(Updates after UK budget statement, fresh details)
By Anirban Nag
LONDON Dec 3 Sterling hit a three-week high against the euro on Wednesday, after a survey showed Britain's dominant services sector grew much faster than expected in November and finance minister George Osborne gave an upbeat budget statement.
In his Autumn Statement, Osborne raised near-term growth forecasts and while the government will miss deficit-reduction targets, Britain will sell fewer bonds in 2014/15 than previously forecast, sending gilt futures and the pound higher.
Sterling was up 0.25 percent at $1.5680, pulling away from Monday's low of $1.5585 -- the pound's weakest since early September 2013. It was also helped by a drop in the dollar after the U.S. ADP jobs report missed forecasts.

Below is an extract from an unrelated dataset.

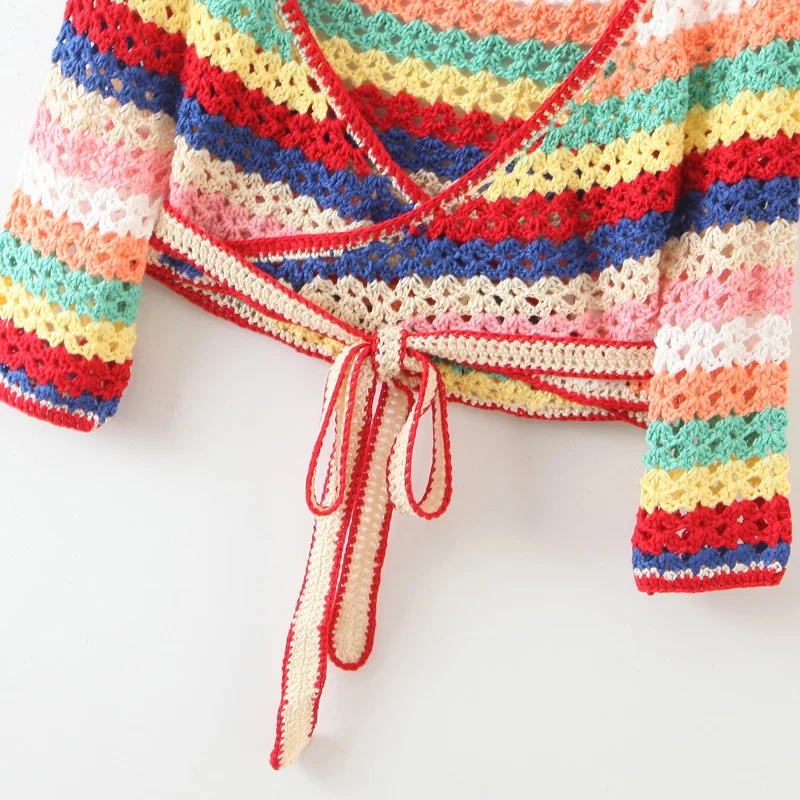 2020 BOHO Lacing up Colored Striped Hand crochet Cardigan Sweater Women Bandage Mini Short Shorts Half Sleeve Tops 2 Pieces Set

"First impressions suggest the Autumn Statement should be positive for domestic consumption with income taxes, stamp duty, inheritance and air duty cuts," said Josh O'Byrne, currency strategist at Citi.
"Taken together with the quite impressive services PMI figure this morning, we've seen a cautious rebound in the pound with BoE (rate) hike expectations edging slightly forward to January 2016."

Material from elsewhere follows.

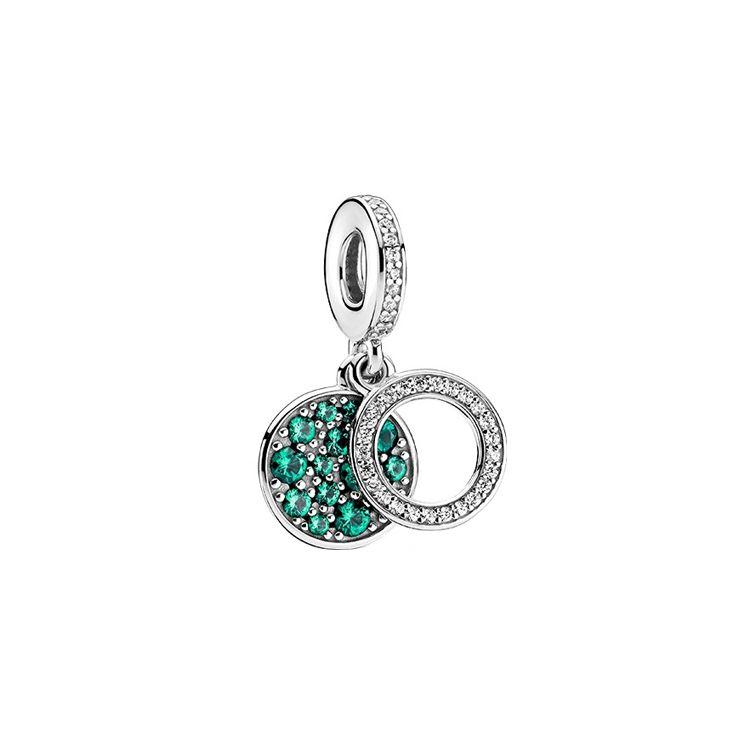 Pandora Radiant Green Double Charm Pendant Women pendants 799186C02 Radiant Green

The pound rose 0.8 percent against the euro, with the single currency down at 78.565 pence -- its lowest since Nov. 12. The euro was under pressure ahead of a European Central Bank meeting on Thursday.
Policymakers in the euro zone are grappling with declining inflation expectations, which are likely to prompt them to ease policy sooner rather than later.
Back in Britain, investors drew comfort from the services sector purchasing managers' index (PMI), which highlighted the contrasting prospects for Britain and the euro zone economies.
The closely watched Markit/CIPS services PMI rose to 58.6 in November, beating forecasts in a Reuters poll, after falling sharply to 56.2 in October.
UK rate forecasts have been pushed back dramatically over the past few months, with some now not expecting a hike until early 2016. That pushback of expectations has weighed on the pound, sending it down almost 9 percent since it hit a six-year high near $1.72 in July when many had expected a hike this year.
Sterling has also been hurt by growing political uncertainty ahead of next year's general election.
"The far more important question facing the UK is whether there will be an effective government of any colour after May 2015," said Christopher Mahon, investment manager at Barings Asset Management.